======== Source data ========
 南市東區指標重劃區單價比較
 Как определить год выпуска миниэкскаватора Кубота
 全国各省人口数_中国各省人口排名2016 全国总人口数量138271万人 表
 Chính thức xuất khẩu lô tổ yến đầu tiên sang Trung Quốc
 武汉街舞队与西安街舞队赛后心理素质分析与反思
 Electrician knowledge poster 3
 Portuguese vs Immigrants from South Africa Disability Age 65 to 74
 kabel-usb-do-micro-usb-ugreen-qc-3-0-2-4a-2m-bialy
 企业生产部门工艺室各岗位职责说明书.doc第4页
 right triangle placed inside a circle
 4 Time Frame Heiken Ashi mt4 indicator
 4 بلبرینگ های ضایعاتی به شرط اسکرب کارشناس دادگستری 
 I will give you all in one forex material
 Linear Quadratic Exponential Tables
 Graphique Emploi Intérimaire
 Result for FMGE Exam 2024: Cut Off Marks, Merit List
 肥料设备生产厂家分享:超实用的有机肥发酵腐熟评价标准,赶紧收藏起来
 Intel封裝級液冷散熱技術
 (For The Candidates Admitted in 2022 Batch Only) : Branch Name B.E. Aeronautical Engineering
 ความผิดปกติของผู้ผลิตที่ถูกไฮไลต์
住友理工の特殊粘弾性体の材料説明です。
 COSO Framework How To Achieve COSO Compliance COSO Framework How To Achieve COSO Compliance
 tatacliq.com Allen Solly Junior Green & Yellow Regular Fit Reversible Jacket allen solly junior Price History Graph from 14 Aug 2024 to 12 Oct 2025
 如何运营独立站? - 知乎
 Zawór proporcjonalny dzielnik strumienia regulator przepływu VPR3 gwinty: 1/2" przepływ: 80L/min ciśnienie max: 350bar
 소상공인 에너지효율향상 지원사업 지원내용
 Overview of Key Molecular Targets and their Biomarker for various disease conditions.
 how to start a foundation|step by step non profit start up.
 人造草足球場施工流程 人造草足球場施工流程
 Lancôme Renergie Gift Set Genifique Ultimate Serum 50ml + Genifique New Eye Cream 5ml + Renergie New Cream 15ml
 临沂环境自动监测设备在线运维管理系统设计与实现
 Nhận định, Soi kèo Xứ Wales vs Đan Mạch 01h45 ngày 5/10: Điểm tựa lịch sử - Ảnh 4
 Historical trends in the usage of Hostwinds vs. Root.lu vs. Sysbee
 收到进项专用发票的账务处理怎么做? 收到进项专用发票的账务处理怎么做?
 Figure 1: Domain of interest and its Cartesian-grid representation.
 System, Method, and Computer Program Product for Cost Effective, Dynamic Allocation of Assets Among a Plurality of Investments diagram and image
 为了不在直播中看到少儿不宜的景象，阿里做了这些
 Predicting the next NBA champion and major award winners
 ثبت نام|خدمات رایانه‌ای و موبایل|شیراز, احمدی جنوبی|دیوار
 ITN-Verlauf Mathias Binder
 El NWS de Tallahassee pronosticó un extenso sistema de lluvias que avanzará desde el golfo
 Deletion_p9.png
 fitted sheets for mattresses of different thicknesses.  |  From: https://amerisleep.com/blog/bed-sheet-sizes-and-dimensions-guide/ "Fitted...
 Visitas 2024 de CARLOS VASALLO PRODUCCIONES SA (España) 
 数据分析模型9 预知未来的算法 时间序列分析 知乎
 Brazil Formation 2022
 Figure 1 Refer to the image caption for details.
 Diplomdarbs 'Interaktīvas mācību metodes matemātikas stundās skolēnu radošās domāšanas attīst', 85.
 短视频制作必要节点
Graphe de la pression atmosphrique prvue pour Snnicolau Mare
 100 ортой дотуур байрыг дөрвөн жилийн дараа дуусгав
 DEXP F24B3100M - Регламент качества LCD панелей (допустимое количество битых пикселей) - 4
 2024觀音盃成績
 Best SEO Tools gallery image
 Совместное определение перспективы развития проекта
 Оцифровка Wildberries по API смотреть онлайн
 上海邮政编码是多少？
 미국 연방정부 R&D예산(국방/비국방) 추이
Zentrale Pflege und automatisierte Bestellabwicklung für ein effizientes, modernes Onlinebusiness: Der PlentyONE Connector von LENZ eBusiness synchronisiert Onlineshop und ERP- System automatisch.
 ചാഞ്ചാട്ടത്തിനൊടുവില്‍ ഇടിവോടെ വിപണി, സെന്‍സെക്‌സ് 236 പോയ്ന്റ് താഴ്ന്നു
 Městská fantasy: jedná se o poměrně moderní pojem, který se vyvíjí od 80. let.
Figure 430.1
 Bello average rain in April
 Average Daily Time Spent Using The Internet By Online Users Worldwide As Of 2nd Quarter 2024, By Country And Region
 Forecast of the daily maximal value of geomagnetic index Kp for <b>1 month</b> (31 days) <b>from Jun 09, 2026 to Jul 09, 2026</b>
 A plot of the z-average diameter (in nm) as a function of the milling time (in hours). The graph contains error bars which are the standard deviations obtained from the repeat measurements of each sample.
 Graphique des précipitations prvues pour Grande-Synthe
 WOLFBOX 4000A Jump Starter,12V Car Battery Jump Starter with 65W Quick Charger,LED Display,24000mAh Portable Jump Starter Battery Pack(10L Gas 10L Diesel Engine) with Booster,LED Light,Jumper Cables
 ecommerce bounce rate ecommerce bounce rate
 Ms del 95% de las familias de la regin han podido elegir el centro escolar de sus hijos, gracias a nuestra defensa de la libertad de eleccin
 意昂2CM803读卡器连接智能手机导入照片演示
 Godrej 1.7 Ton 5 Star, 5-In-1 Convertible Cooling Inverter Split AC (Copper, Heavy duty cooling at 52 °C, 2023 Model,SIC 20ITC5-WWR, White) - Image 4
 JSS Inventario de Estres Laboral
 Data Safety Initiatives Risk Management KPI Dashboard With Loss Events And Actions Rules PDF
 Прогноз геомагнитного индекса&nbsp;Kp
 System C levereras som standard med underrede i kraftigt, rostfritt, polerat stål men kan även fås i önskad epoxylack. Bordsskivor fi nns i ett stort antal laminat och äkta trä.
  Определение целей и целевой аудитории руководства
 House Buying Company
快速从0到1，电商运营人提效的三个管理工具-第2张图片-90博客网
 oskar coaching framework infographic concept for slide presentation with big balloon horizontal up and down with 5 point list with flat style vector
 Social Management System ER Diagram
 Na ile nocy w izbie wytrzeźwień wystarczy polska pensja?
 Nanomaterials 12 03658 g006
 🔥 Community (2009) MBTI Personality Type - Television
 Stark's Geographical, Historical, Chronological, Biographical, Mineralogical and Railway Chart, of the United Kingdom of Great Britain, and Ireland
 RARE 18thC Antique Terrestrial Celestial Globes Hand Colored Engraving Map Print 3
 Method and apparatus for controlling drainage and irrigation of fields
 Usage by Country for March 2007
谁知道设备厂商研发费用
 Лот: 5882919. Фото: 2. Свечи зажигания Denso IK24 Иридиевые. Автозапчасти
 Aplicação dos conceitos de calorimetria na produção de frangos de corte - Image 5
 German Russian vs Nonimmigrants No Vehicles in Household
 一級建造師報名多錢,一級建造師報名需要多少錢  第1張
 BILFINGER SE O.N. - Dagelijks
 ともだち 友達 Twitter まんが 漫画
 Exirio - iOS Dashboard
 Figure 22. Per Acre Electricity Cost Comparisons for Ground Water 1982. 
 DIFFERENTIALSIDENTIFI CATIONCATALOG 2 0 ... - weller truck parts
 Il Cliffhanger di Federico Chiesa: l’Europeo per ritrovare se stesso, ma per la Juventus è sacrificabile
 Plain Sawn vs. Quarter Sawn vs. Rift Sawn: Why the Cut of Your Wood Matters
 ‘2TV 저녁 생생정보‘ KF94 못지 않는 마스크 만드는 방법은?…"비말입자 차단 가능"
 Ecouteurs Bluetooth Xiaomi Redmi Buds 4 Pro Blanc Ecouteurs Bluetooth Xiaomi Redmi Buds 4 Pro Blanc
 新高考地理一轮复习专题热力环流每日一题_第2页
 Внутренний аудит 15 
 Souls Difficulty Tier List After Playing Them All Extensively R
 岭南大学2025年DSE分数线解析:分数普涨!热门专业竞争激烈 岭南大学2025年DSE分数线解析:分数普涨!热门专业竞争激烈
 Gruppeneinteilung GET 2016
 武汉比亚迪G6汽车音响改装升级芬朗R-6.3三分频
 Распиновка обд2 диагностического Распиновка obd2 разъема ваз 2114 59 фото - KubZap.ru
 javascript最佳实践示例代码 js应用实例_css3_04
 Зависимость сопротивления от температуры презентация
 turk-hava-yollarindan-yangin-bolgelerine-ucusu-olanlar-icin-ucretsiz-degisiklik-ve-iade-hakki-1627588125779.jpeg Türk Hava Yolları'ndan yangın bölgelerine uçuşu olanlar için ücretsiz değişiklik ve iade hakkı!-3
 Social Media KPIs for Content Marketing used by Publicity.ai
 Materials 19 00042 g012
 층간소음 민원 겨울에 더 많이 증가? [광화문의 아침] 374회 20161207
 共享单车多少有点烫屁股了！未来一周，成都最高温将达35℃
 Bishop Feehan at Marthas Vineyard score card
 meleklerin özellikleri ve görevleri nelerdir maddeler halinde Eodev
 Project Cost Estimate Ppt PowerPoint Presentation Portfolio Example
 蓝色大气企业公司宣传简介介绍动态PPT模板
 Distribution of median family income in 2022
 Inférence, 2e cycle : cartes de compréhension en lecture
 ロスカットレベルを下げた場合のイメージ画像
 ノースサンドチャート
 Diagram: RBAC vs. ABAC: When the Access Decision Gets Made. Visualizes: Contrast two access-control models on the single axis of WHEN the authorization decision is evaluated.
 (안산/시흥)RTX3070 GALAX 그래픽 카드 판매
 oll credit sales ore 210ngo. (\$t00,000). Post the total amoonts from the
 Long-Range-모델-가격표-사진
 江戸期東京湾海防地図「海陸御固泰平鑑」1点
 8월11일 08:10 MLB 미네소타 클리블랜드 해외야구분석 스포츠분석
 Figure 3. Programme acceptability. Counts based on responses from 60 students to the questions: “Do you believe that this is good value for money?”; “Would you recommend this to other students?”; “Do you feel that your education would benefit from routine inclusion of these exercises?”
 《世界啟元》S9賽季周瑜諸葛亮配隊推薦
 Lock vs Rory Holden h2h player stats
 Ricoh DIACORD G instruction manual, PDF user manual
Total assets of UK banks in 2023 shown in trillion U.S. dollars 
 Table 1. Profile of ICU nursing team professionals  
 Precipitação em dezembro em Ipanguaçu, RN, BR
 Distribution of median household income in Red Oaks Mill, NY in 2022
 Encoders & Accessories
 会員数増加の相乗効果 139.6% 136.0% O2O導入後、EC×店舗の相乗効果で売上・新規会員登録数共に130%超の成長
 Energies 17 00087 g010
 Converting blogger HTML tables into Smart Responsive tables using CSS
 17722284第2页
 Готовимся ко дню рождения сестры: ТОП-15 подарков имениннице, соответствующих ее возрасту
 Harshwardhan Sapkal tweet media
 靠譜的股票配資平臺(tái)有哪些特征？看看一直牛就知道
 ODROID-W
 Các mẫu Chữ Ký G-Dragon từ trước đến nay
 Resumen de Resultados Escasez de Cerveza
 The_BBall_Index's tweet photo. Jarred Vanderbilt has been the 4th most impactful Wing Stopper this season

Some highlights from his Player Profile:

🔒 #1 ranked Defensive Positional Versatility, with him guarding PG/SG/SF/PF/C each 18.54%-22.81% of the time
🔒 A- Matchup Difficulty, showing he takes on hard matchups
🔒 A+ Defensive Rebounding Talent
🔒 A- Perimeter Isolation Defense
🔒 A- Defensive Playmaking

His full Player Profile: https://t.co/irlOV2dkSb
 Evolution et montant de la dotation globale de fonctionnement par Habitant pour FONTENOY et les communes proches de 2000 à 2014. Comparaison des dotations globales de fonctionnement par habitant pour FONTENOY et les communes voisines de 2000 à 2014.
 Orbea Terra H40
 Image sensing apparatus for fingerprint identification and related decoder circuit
========
__Work order__
Where does "Graphique" appear in the records above? Copy every line that has it.

__Response area__
 Graphique Emploi Intérimaire
 Graphique des précipitations prvues pour Grande-Synthe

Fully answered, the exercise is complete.